Is a Go goroutine a coroutine?
Not quite. The Go FAQ section Why goroutines instead of threads? explains:
Goroutines are part of making concurrency easy to use. The idea, which has been around for a while, is to multiplex independently executing functions—coroutines—onto a set of threads. When a coroutine blocks, such as by calling a blocking system call, the run-time automatically moves other coroutines on the same operating system thread to a different, runnable thread so they won't be blocked. The programmer sees none of this, which is the point. The result, which we call goroutines, can be very cheap: they have little overhead beyond the memory for the stack, which is just a few kilobytes.
To make the stacks small, Go's run-time uses resizable, bounded stacks. A newly minted goroutine is given a few kilobytes, which is almost always enough. When it isn't, the run-time grows (and shrinks) the memory for storing the stack automatically, allowing many goroutines to live in a modest amount of memory. The CPU overhead averages about three cheap instructions per function call. It is practical to create hundreds of thousands of goroutines in the same address space. If goroutines were just threads, system resources would run out at a much smaller number.

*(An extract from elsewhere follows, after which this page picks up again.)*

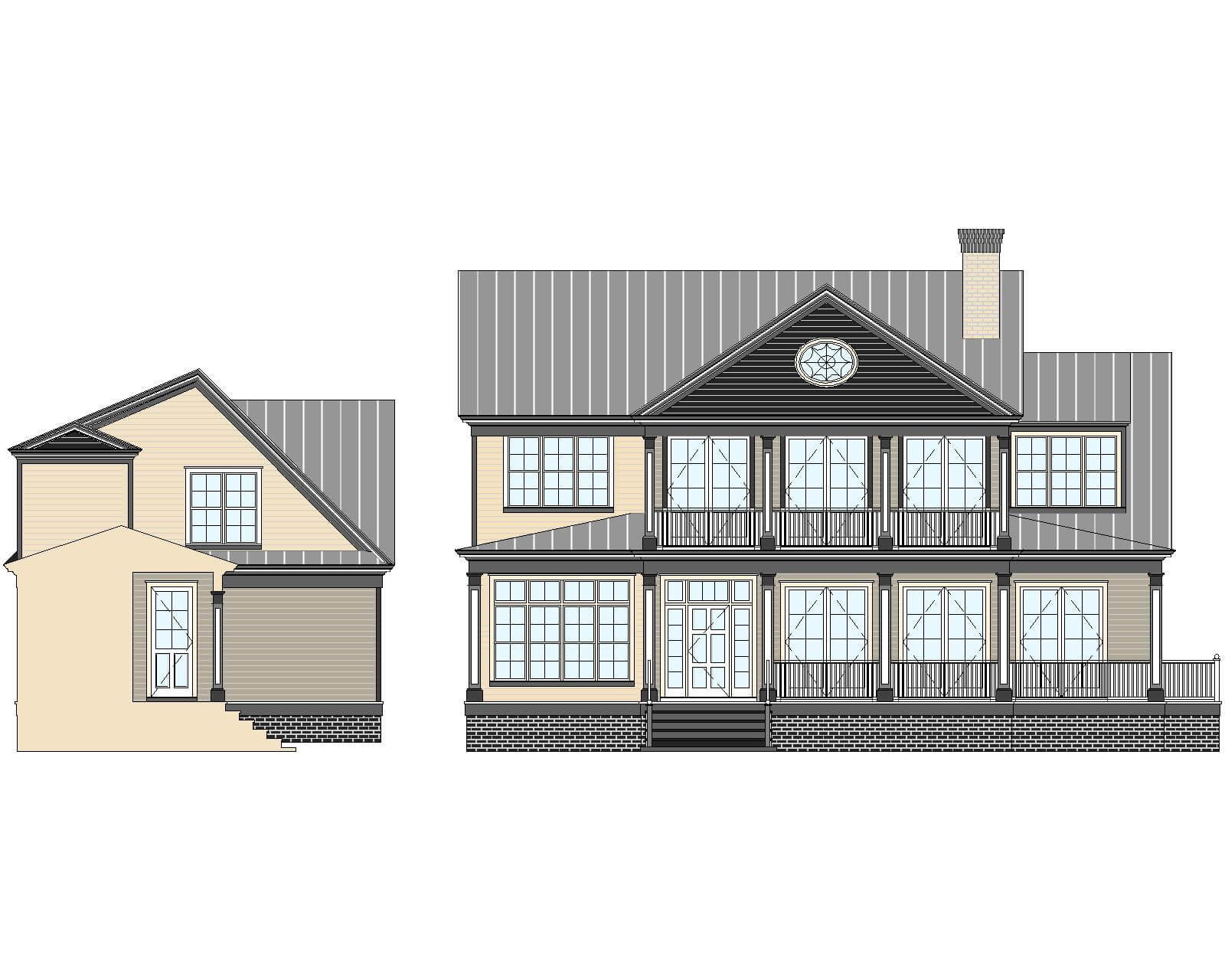 11-1592 my home floor plans_Front Elevation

IMO, a coroutine implies supporting of explicit means for transferring control to another coroutine. That is, the programmer programs a coroutine in a way when they decide when a coroutine should suspend execution and pass its control to another coroutine (either by calling it or by returning/exiting (usually called yielding)).
Go's "goroutines" are another thing: they implicitly surrender control at certain indeterminate points1 which happen when the goroutine is about to sleep on some (external) resource like I/O completion, channel send etc. This approach combined with sharing state via channels enables the programmer to write the program logic as a set of sequential light-weight processes which removes the spaghetti code problem common to both coroutine- and event-based approaches.
Regarding the implementation, I think they're quite similar to the (unfortunately not too well-known) "State Threads" library, just quite lower-level (as Go doesn't rely on libc
or things like this and talks directly to the OS kernel) — you could read the introductory paper for the ST library where the concept is quite well explained.
1 In fact, these points are less determinate than those of coroutines but more determinate than with true OS threads under preemptive multitasking, where each thread might be suspended by the kernel at any given point in time and in the flow of the thread's control.
Update on 2021-05-28: actually, since Go 1.14, goroutines are scheduled (almost) preemptively.
It should be noted though, that it's still not that hard-core preemption a typical kernel does to the threads it manages but it's quite closer than before; at least it's now impossible for a goroutine to become non-preemptible once it enters a busy loop.